*** Begin section ***

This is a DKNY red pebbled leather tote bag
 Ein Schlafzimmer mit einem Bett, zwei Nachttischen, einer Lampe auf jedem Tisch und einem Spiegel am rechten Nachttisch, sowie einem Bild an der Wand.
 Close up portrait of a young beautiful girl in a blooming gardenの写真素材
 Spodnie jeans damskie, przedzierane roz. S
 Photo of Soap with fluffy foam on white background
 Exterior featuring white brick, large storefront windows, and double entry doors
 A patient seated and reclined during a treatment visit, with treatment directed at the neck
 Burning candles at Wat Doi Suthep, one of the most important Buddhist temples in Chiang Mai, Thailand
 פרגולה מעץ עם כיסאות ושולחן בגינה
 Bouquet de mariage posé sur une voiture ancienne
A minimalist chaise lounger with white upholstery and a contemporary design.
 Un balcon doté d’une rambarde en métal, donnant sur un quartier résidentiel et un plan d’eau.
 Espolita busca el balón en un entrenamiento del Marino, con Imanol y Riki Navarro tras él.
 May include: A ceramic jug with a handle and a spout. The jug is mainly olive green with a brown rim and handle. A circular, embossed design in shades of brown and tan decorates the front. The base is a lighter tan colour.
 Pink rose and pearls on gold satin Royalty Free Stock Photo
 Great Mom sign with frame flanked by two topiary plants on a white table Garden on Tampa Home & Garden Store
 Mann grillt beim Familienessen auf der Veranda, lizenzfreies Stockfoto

*** End section ***

Find the line that contains "Great Mom sign". Write out that line and every line after it through the end of the data, exactly, and nothing else.

Response box:
 Great Mom sign with frame flanked by two topiary plants on a white table Garden on Tampa Home & Garden Store
 Mann grillt beim Familienessen auf der Veranda, lizenzfreies Stockfoto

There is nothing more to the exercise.